Sita stared at the bowl of bloody newspaper, and for a moment saw that other bowl from so long ago, and the dismembered plait of hair. She began to sob, and knew that a shame similar to the shame she had known on that distant day would take hold of her now.
Then Usha was gone and immediately Shiva was in the room, standing over her, his face distorted by anger.
‘You did this,’ he shouted. ‘Why did you not tell me?’
She was confused and could not answer. Shiva’s voice rose louder with each word.
‘That old witch is known for these things. Women go to her to be rid of a child. Why have you done this?’
Whatever she said in the weeks that followed the miscarriage, Shiva persisted in the conviction that Sita had deliberately got rid of the child. At night he no longer told her stories that opened windows for her into the world, no longer encouraged her writing and reading, no longer enquired about the urchins at school. He ate silently and slept with his back towards her, absenting himself from her life. About them sirens and explosions accelerated, the air was thick with smoke. They ran to Farrer Park less and less, taking their chances wherever they were. Bombs rained down everywhere now, and they were resigned to the possibility of sudden death.

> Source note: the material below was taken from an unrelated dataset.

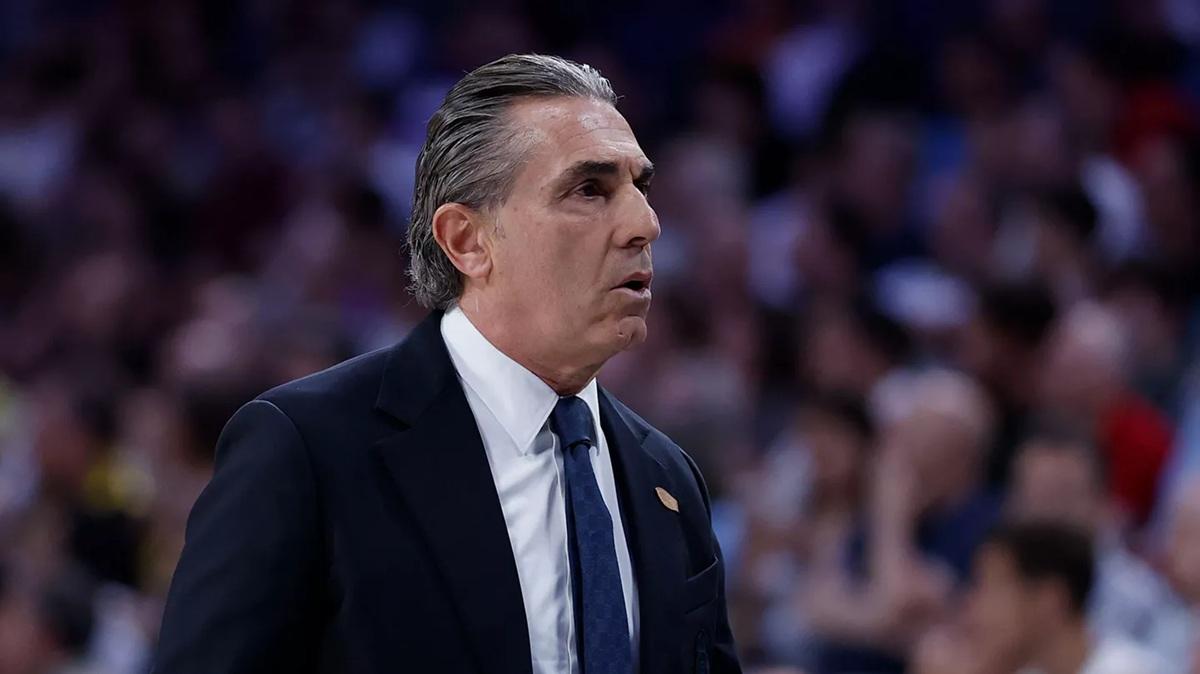Sergio Scariolo porta il Real Madrid a Tenerife: "Adesso servono due vittorie"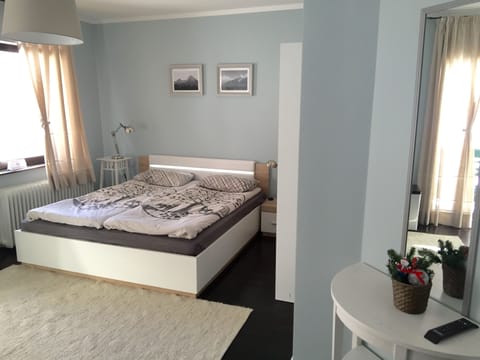 Family Triple Room, Mountain View | Free cribs/infant beds, free WiFi, bed sheets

Krishnaswami and Sons remained open but most of its assistants had fled to the suburbs, resulting in a promotion for Dev, along with added responsibility. His hours at the shop increased, but any free time was spent with his sister, sharing a meal and chatting with Shiva.
Often now, on the short-wave radio, they tuned in to Azad Hind, the new Free India radio station that had begun transmitting from Germany. Frequent broadcasts were made from Berlin by an Italian diplomat by the name of Orlando Mazzotta, who spoke passionately of plans to free India from British Rule, his deep melodious voice filling the room.

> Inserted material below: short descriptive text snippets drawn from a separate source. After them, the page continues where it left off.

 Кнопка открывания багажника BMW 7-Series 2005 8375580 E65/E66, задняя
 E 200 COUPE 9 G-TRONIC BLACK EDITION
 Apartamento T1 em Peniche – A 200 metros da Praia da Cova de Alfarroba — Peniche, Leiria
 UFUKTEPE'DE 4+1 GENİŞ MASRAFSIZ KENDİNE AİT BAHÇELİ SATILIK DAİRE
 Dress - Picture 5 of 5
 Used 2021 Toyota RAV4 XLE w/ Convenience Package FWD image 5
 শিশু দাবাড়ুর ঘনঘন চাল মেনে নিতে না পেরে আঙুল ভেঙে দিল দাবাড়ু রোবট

‘The overthrow of British power in India can, in its last stages, be materially assisted by Japanese foreign policy in the Far East…’
Rumours swirled about the identity of this mysterious diplomat, and it was rumoured he was Subhas Chandra Bose in disguise. Shiva was stirred to a great pitch of excitement each time he heard the man’s voice.
‘It is him, it is Subhas Babu speaking. Everyone recognises his unmistakable voice. He is using this disguise for safety, so that the British will not pursue him.’ Shiva adjusted the knob of the radio as the voice began to fade.
‘This is the time to remind our British rulers that east of the Suez Canal there is a land inhabited by an ancient and cultured people…deprived of their birthright of liberty under the British yoke…’
The deep voice wrapped briefly about them again before it was sucked into a band of crackling static from which it could not be retrieved. Shiva thumped his fist on the desk in frustration.
‘The Japanese are just across the water. Soon the British will be forced to surrender,’ Dev reminded him.
‘The Japanese are Asiatics, like us. I will welcome them,’ Shiva replied, his hand adjusting the knob of the radio, hoping for the return of the mysterious Orlando Mazzotta.
Crouched before the small stove at the other end of the room, Sita heated a pan of spicy tapioca. It was increasingly difficult to find anything to eat other than the ubiquitous tapioca that grew easily on the smallest patch of land. Listening to the conversation, she kept her eyes upon Shiva, hoping he would look up and include her; day after day since the miscarriage, he continued to ignore her.
Much of the room was now taken up with a metal-topped cage, a Morrison type shelter that Swami Bhaswarananda had given them for Sita’s protection. It had open wire netted sides and a mattress in it, and they slept beneath it for shelter each night. Even in that confined space, pushed up close against him, Sita still felt Shiva’s resistance.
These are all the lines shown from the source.